Volume Purchasing Considerations
So, let’s say that the production scheduler thinks that 2,000 of those widgets will be needed in the next year. Does that mean you can automatically assume that the product cost will include one dollar’s worth of a widget? Not necessarily. It’s possible that the purchasing department plans to buy in smaller quantities in order to reduce the inventory investment. Or, maybe they want to buy in really large quantities, because that widget can be used in multiple products. If so, they could be able to buy the widget for a lot less than a dollar per unit.
If this sounds like a lot of interviewing to do, you can cut through everything and just look up the supplier invoice to see what unit price is being charged to the company.
Impact of Future Decisions
Another point to consider is that the unit price might change depending on future decisions. For example, if management intends to push this product really hard in the marketplace with a big ad campaign, it might be useful for them to know that the product cost will decline if unit sales increase past a certain point.
The Need for Multiple Versions of Product Costs
So, what all of this means is that you really need to come up with a couple of variations on the product cost. The main one is for the production volume that everyone expects, and you might want to consider deriving a cost that applies to a low level of production, as well as to a high level of production. As the production volume declines, the unit cost will increase, and as the production volume goes up, the unit cost will drop.
Consideration of the Scrap Rate
Of course, we’re not done yet. There’s also a scrap rate to build into the product cost. This can be difficult when you’re using components that have never been used before, since there’s no history for them. That means you may have to make an educated guess at the amount of scrap, and then come back after one or two production runs to see if the estimated scrap rate turned out to be correct, or if you need to adjust it. In general, you probably ought to issue a preliminary product cost, and then discuss it with the production manager after there’s some experience with actually manufacturing the product, and decide whether another version of the costing should be issued.
Fixed Nature of Labor Costs
And then we have labor. It can be considered a fixed cost, rather than a variable cost, like materials, because there usually has to be a minimum crew size to man a production line, no matter how much volume runs through the production line. That being said, I’ll assume that you’re adding the cost of labor to the product cost.

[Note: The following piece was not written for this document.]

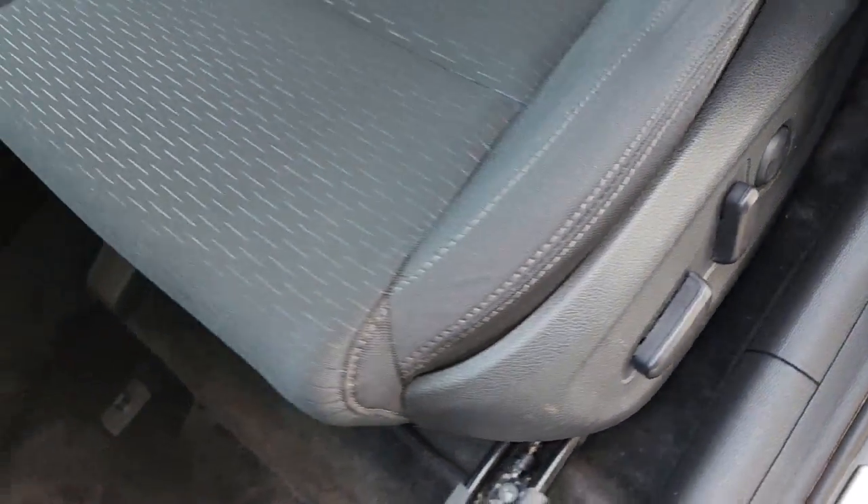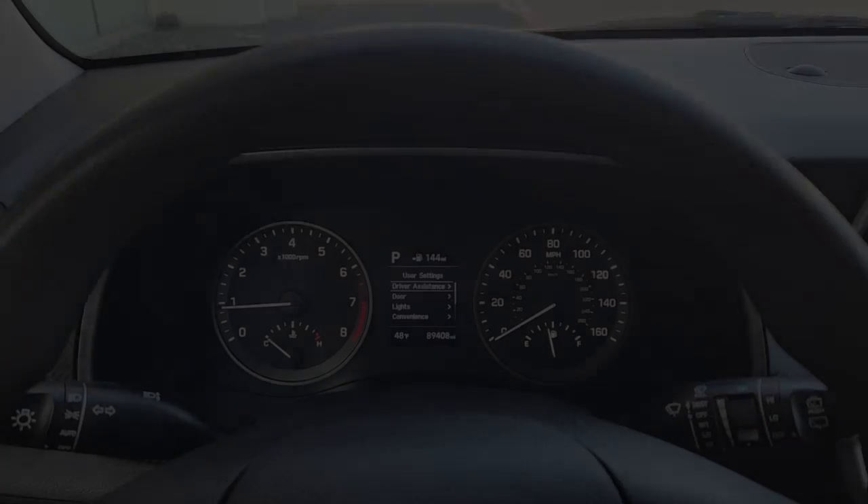Elevate the quality and comfort of your daily drive. Get into this outstanding Tucson. Come in for a fun and easy test drive — our team will make it the best part of your day.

There are a couple of problems with deriving a labor cost. The first issue is that the cost of the labor itself keeps changing. The people working on a product may be getting paid at different hourly rates, based on their seniority or skill level, and the people assigned to producing the product may change, even within a single day. The usual solution is to use the average hourly rate for everyone in the production area. The next issue is that labor rates tend to increase over time, as people gradually get bumps in pay, so you have to go back from time to time and see if your average labor rates built into the product cost are still correct.

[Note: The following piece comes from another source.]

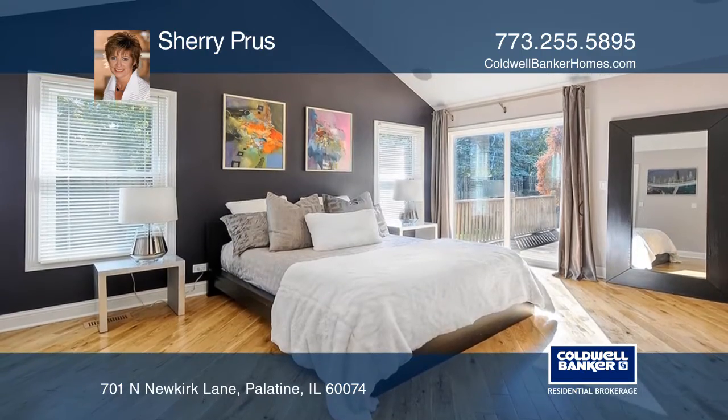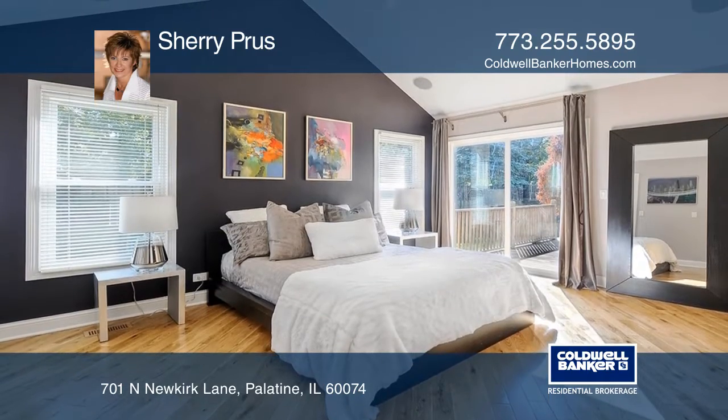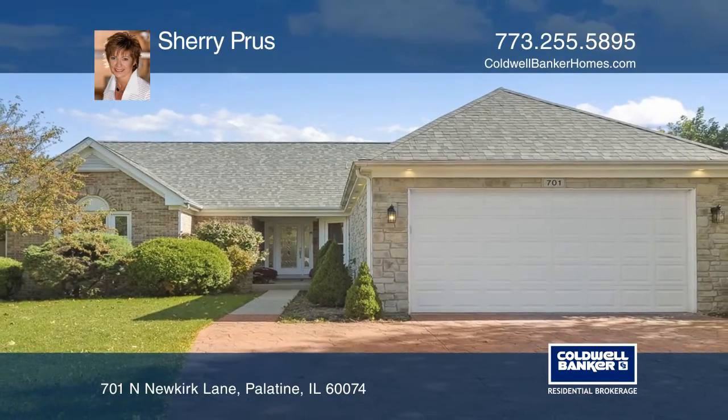The master suite boasts two walk-in closets and an en-suite bath. Contact Sherry Prost for more details.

And a third issue is that the industrial engineering staff is always looking for ways to automate parts of the production process, so it’s entirely possible that the total amount of labor hours assigned to a product will gradually go down.
My main points in regard to labor cost are that you need to use an average labor rate, you need to update the calculation of that rate on a regular basis, and you need to update your assumptions regarding how many hours it still takes to make the product.
Overhead Costs
And finally, we have the cost of overhead. No matter how well you try to refine the allocation of overhead to a product, keep in mind that it’s still an estimate. And on top of that, the overhead may still be there even if the product is never manufactured, so there’s a pretty reasonable argument that you shouldn’t even include it in the product cost.
But let’s say that you do. If so, break it out from the rest of the cost. For example, put the materials cost in a subtotal that’s in bold and maybe in a bright color, so that management knows that this is the real variable cost of the product. Then layer on a line item for labor, which is a reasonably valid inclusion. And then insert a couple of blank rows to really give it some separation, and then state the assigned overhead cost. Just trying to put the costing emphasis where it belongs.
Summary
In summary, product costing is more complex than you might initially think. It can vary by production volumes, it needs to be adjusted over time to account for estimates and cost changes, and some of the elements in the report maybe shouldn’t even be there, depending on how you intend to use the information.